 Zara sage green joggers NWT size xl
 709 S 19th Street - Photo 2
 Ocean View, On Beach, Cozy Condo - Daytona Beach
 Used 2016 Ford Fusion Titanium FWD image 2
=-=-=-=-=
- _WORK ITEM_
Here, the lines to copy run from the one containing "Ocean View, On" to the final line of the listing; copy them exactly and nothing else.

- _RESPONSE AREA_
 Ocean View, On Beach, Cozy Condo - Daytona Beach
 Used 2016 Ford Fusion Titanium FWD image 2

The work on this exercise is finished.